It was Caruso who said, that Il Trovatore is very easy to cast, namely «with the four best voices in the world». Experience the infinite abundance of great musical themes Verdi has composed into this opera.
OVERVIEW & QUICK ACCESS
♪ Act I (Palace-Scene)
♪ Act II (Gipsy-Scene, Convent-Scene)
♪ Act III (Engelsburg Scene)
♪ Special part (Elder recordings)
ROLES & SYNOPSIS OF IL TROVATORE IN 4 MINUTES
Salvatore Cammarano, based on the novel El trovador by Antonio García Gutiérrez.
THE MAIN ROLES
Conte di Luna, nobleman in the service of the Prince of Aragon (baritone) - Leonora, noblewoman in the palace of the Conte di Luna (soprano) - Manrico, supposed son of Azucena, opponent of the Conte (tenor) - Azucena, gypsy (mezzo-soprano)
RCA, Zinka Milanov, Jussi Björling, Fedora Barbieri and Leonard Warren conducted by Renato Cellini and the RCA Victor Orchestra and Robert Shaw Chorale.
Il Trovatore – for the four best voices in the world
Verdi composed his famous trilogy of most popular operas within two years: La Traviata, Il Trovatore und Rigoletto. Each of the four main roles of the Trovatore has become a highlight of their respective Fach. It was Caruso who said, that Il Trovatore is very easy to cast, namely «with the four best voices in the world».
In four blog posts we will discuss in more detail the musical and dramatic demands on the four leading roles of Leonora (in Part 1), Azucena (in Part 2), Manrico (in Part 3) and Conte (in Part 2).
We dedicate the first blog post to the first act, the following blogpost to the second act and the last two acts are covered in the third post.

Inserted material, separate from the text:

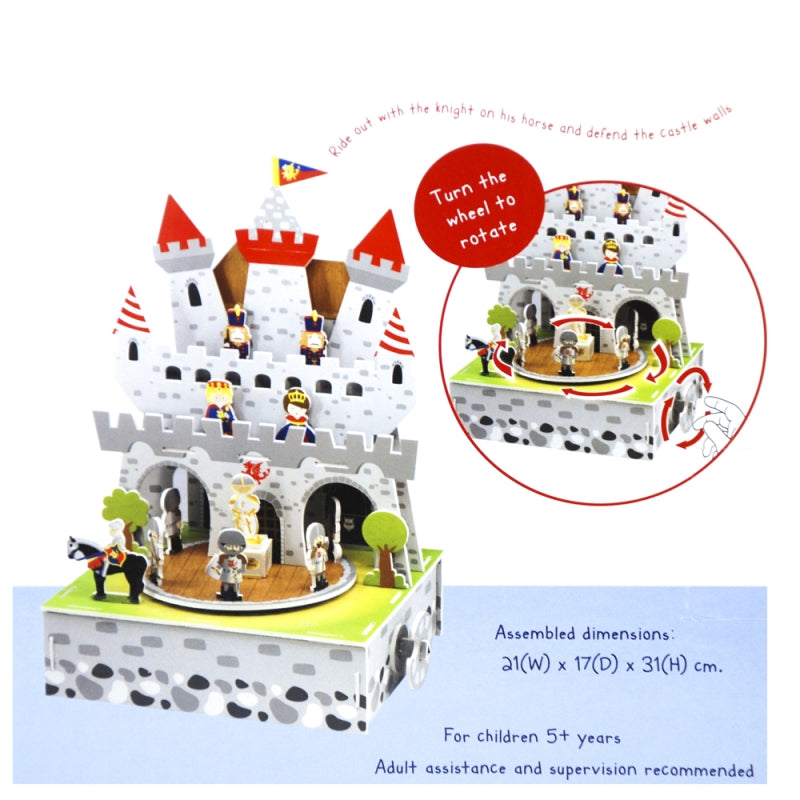 Knights DIY Castle - Pink Poppy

The fourth post is devoted exclusively to recordings from the first half of the 20th century with outstanding recordings of Caruso, Ponselle and other great singers of the golden era.
The story of the gypsy woman
The opera begins without formal prelude or overture, only arpeggio and horn calls introduce the plot.

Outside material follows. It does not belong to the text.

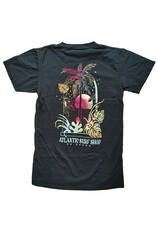 Atlantic Surf Co Atlantic Surf Night Tropics T-shirt Dark Teal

Synopsis: The Captain Ferrando tells the story of the gypsy: an old count has two little sons. A gypsy predicts the future for one of these sons. The son falls ill. Out of revenge the gypsy woman orders the her be burned at the stake. The daughter of the gypsy, Azucena, kidnaps the son of the count in revenge.
To create the adequate atmosphere to this haunting narrative, Verdi uses incredibly effective stylistic devices. Through varied repetitions and a narrative song style, he achieves great suspense and draws the listener into the story.
Hear this narration sung bei Nicolai Ghiaurov.
Di due figli vivea padre beato – Ghiaurov
The great aria of Leonora in the first act (Tacea la notte)
Synopsis: Manrico is a troubadour and falls in love with the palace lady Leonora, who lives at the court of the Conte di Luna. Leonora returns the feelings and sings about her love for the mysterious troubadour who has entered her life.
The Trovatore is an opera for Assolutas. Callas, Ponselle and Milanov were famous Leonoras. Callas excelled through dramatic expression and the artistic command, Milanov through the simultaneous power and loveliness of her voice, and the Ponselle for her beautiful and expressive interpretation.
The role of Leonora requires a soprano who is at home in the dramatic fach. The tragic scenes must be sung convincingly (Miserere), high notes and coloraturas must sit (di amor sulle rosee) and finally it requires a great technique in devilishly tricky arias like Tacea la notte. The singer must cover all colors, emotions and vocal ranges in this aria.
This scene consists of two arias. The aria “Tace la notte” begins lyrically and calmly in the nightly gardens of the palace, then allude to Leonora’s feelings of love for the mysterious troubadour and finally ends in ecstatic passages. In the immediately following Caballetta “di tale amor che dirsi” the singer must sing a demanding romantic caballetta with coloratura.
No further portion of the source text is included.